中央スーダンから中央エジプトにかけての墓地からは、顔料や鉱物からなる装身具、さらにはビーズ細工、櫛、腕輪などの装飾品など新石器時代の文化遺産が大量に見つかっています。これはエジプトに王国が誕生する以前のものです。
ラピタ人は、ニューカレドニアからポリネシアにかけて紀元前3000年ごろ遠洋航海をおこない、島々やラグーンに村落をつくり、高床式の家を建てました。かれらは石斧を使って森を切り開き、タロイモ、ヤムイモ、バナナなどを栽培し、家畜を育て、魚や貝、海亀、野鳥、フルーツコウモリなども食べていました。
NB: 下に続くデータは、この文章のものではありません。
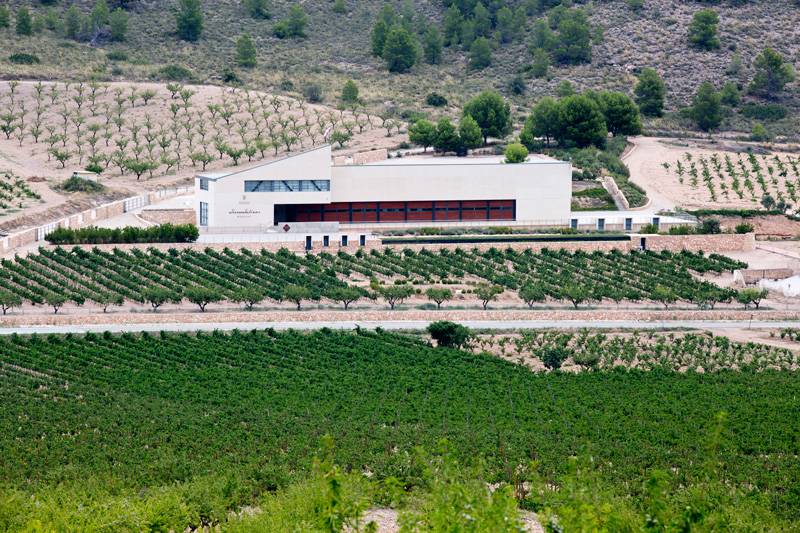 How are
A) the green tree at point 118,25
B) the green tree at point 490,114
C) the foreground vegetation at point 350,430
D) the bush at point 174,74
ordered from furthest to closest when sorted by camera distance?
the green tree at point 118,25 → the bush at point 174,74 → the green tree at point 490,114 → the foreground vegetation at point 350,430

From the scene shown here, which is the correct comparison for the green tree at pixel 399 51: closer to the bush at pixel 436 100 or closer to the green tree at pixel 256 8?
the bush at pixel 436 100

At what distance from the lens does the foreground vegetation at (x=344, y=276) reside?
57156mm

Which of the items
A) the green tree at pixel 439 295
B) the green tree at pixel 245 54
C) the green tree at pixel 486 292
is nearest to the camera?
the green tree at pixel 439 295

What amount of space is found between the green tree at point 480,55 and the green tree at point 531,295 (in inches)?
2077

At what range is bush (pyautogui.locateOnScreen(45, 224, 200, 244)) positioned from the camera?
209ft

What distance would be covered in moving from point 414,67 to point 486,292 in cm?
5345

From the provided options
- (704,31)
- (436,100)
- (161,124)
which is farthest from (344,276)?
(704,31)

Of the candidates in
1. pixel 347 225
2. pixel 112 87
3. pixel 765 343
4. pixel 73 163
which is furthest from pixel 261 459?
pixel 112 87

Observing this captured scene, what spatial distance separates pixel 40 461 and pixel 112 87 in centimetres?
5881

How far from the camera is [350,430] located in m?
41.2

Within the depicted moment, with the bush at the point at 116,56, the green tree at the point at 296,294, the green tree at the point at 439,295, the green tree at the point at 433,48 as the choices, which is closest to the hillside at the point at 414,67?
the bush at the point at 116,56

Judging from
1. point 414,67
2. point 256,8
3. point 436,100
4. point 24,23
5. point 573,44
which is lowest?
point 436,100

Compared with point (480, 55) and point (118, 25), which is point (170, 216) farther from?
point (480, 55)

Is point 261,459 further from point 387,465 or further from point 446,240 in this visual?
point 446,240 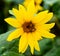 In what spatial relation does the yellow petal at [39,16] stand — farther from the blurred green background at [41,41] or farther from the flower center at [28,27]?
the blurred green background at [41,41]

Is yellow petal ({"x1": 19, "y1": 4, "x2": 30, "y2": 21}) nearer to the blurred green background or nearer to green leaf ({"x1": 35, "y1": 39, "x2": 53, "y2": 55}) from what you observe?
the blurred green background

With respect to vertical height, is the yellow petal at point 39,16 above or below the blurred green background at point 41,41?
above

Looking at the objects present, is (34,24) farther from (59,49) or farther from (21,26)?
(59,49)

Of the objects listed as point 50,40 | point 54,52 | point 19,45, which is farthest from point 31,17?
point 50,40

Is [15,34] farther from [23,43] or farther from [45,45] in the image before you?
[45,45]

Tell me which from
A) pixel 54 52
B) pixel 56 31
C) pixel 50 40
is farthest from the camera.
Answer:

ラピタ人のつくった土器は独特なもので、貝殻を集めて腕輪やネックレス、ペンダントなどをつくっていました。鳥の羽根の頭飾り、パンダナスの敷物、何千キロも離れたビスマルクで産出された黒曜石の刃などが、その文化のさまを物語っています。
新たに登場した農耕民の特徴は、それまで狩猟採集民が手を着けていなかった場所を選んで農耕や家畜の飼育をはじめたことにある、と著者たちはみています。とはいえ、そこにはどうやら遊びの要素も含まれていたというのです。
つい最近まで、アマゾンは孤立した部族が隠れ住んでいる場所と思われていました。しかし、最近になって、それは事実ではないことがわかってきました。いまから2000年ほど前、アマゾン地方、すなわちアマゾニアには、すでに町や段々畑、モニュメント、道路ができていて、それがペルーからカリブ海までつづいていたというのです。
そのころアマゾニアの人びとはマニオク(キャッサバ)に特化した固定農業を営んでいたわけではありません。マニオクが主食となったのは、16世紀にヨーロッパ人と接触してからのことです。アマゾニアでは長期にわたって、「遊戯農耕」がおこなわれていた、と著者たちはいいます。
そこでは、ゆったりと土壌が維持され、さまざまな作物が植えられ、人びとはひとつの場所にとどまるわけでもなく、狩猟や採集もおこなっています。つまり、「自由な生態学」が維持されていたのだ、と著者たちはいいます。
これはアマゾンに限られた話ではありませんでした。北アメリカの東部ウッドランドでも、中国の黄河流域、長江流域でも同じでした。単独でアワやキビ、あるいはイネが栽培されるようになるまでには、何千年もかかっているのです。それはブタの飼育などでも同じことでした。
それ以前、人びとは長いあいだ「狩猟や採集の文化的価値を保持しながら、農耕への閾(しきい)をまたぐことなく浮遊していた」のです。
したがって、紀元前7000年ごろに「農業革命」がおきたという仮説は、あくまでも目的論的推論にすぎず、実際には、農業革命などおきておらず、単一的農耕をこころみた部族は、むしろ失敗に見舞われているケースが多いのです。
〈農耕が考案されたのは、ほかに手立てがないばあいにのみだったのである。だからそれは、野生資源の最も乏しい地域で最初に着手される傾向にあったのだ。農耕は初期完新世のもろもろの戦略のなかでは異端児だった。〉
これはなかなか説得力のある見解です。